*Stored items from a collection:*
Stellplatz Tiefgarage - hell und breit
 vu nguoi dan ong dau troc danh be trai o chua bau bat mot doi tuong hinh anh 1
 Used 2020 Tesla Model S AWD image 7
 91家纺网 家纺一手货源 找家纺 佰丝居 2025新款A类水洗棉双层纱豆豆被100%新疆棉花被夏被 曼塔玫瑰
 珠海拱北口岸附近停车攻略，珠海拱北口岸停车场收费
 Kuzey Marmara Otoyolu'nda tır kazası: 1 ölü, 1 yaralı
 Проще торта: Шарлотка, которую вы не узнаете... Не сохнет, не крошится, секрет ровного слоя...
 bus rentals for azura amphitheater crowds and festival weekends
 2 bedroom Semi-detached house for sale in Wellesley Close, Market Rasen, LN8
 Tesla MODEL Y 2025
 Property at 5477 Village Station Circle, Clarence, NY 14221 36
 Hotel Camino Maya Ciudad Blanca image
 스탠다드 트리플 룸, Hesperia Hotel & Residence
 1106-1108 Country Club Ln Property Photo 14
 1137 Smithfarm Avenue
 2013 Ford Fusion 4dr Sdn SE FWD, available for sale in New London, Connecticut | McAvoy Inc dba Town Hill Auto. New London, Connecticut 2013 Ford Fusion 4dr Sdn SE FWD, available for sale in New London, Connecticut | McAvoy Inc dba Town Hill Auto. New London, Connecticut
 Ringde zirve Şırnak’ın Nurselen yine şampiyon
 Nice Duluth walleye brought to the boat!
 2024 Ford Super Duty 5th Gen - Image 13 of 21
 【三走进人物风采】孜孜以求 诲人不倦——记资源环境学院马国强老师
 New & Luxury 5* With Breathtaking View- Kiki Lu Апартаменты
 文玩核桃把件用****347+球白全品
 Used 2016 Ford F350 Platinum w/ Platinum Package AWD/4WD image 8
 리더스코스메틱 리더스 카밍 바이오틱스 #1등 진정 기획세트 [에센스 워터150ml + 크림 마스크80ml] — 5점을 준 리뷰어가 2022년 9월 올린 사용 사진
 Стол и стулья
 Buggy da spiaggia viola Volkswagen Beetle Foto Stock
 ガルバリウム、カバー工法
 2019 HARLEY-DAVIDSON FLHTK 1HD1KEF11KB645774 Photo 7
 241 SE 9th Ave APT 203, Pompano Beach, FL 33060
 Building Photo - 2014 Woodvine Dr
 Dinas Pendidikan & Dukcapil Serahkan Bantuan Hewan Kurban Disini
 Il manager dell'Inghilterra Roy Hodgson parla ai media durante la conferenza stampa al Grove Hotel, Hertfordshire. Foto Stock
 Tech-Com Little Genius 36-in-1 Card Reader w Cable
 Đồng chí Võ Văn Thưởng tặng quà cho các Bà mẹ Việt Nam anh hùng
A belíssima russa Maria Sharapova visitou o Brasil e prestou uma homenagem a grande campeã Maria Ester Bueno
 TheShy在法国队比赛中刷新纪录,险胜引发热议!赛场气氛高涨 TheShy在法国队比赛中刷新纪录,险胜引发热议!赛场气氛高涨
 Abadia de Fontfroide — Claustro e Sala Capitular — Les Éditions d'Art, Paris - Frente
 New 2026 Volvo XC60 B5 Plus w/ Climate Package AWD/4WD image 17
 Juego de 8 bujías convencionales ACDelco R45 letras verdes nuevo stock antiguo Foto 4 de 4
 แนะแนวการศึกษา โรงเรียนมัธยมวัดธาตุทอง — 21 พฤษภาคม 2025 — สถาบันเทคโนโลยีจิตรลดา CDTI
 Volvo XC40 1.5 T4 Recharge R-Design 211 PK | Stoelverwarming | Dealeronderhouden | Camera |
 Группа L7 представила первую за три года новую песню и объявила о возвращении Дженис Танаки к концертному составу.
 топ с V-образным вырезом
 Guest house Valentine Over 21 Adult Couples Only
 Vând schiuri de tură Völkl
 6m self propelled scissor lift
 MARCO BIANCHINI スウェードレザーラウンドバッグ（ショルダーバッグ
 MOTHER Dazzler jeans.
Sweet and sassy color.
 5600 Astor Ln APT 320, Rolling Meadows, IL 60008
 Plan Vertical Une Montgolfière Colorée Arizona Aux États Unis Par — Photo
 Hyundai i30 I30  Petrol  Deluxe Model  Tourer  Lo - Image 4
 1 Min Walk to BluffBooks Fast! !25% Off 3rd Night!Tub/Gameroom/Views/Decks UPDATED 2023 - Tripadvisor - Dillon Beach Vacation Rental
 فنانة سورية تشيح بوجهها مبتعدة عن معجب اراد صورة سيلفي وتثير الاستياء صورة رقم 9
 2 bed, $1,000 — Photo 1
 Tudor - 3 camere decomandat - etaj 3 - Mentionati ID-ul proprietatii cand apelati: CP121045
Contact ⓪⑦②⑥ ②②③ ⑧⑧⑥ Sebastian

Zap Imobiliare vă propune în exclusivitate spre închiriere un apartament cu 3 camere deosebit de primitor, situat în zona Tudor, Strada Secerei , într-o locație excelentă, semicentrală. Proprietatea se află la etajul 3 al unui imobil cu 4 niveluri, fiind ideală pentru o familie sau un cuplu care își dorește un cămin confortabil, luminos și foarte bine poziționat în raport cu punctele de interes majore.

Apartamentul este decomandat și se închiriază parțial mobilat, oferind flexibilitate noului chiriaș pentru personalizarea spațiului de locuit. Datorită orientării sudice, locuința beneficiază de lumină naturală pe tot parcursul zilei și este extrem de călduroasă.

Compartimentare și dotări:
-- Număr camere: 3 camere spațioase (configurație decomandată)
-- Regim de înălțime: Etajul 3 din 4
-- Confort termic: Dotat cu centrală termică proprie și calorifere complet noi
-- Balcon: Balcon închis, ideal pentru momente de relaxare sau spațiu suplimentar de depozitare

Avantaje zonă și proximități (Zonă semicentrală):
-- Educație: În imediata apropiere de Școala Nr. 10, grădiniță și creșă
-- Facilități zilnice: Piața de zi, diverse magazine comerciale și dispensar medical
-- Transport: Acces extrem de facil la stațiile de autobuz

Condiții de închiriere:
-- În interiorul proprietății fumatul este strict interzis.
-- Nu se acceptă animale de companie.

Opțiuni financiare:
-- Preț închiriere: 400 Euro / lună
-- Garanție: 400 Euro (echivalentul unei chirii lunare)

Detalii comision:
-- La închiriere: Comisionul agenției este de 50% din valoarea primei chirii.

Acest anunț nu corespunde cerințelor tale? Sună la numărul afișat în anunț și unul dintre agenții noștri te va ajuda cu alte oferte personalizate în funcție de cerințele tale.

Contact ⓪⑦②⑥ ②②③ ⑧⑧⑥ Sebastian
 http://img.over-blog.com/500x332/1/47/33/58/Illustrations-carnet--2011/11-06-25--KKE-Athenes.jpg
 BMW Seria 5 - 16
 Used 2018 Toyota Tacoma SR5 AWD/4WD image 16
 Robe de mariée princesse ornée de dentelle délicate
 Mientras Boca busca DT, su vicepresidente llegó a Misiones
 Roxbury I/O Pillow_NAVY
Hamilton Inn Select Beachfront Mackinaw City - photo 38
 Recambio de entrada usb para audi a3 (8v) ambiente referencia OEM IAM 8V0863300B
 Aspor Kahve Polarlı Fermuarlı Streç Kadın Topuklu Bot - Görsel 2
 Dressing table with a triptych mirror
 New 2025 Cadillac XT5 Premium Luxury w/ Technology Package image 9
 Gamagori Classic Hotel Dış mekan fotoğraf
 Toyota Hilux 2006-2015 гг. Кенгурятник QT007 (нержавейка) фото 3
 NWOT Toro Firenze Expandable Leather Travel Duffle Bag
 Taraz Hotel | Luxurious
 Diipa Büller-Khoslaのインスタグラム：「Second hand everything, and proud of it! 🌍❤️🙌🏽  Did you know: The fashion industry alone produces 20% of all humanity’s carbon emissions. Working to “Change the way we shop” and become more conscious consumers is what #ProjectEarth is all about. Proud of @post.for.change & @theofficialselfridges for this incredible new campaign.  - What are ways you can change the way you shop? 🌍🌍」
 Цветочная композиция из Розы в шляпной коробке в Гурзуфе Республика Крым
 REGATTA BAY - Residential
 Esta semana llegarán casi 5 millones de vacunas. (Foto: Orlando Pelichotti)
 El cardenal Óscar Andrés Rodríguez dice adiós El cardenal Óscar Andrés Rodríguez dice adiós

*Exercise details:* Using the entries above, return exactly the lines from the line with "TheShy在法国队比赛中刷新纪录,险胜引发热议!赛场气氛高涨 TheShy在法国队比赛中刷新纪录,险胜引发热议!赛场气氛高涨" to the line with "5600 Astor Ln", counting both of those lines.

*Solution for this problem:*
 TheShy在法国队比赛中刷新纪录,险胜引发热议!赛场气氛高涨 TheShy在法国队比赛中刷新纪录,险胜引发热议!赛场气氛高涨
 Abadia de Fontfroide — Claustro e Sala Capitular — Les Éditions d'Art, Paris - Frente
 New 2026 Volvo XC60 B5 Plus w/ Climate Package AWD/4WD image 17
 Juego de 8 bujías convencionales ACDelco R45 letras verdes nuevo stock antiguo Foto 4 de 4
 แนะแนวการศึกษา โรงเรียนมัธยมวัดธาตุทอง — 21 พฤษภาคม 2025 — สถาบันเทคโนโลยีจิตรลดา CDTI
 Volvo XC40 1.5 T4 Recharge R-Design 211 PK | Stoelverwarming | Dealeronderhouden | Camera |
 Группа L7 представила первую за три года новую песню и объявила о возвращении Дженис Танаки к концертному составу.
 топ с V-образным вырезом
 Guest house Valentine Over 21 Adult Couples Only
 Vând schiuri de tură Völkl
 6m self propelled scissor lift
 MARCO BIANCHINI スウェードレザーラウンドバッグ（ショルダーバッグ
 MOTHER Dazzler jeans.
Sweet and sassy color.
 5600 Astor Ln APT 320, Rolling Meadows, IL 60008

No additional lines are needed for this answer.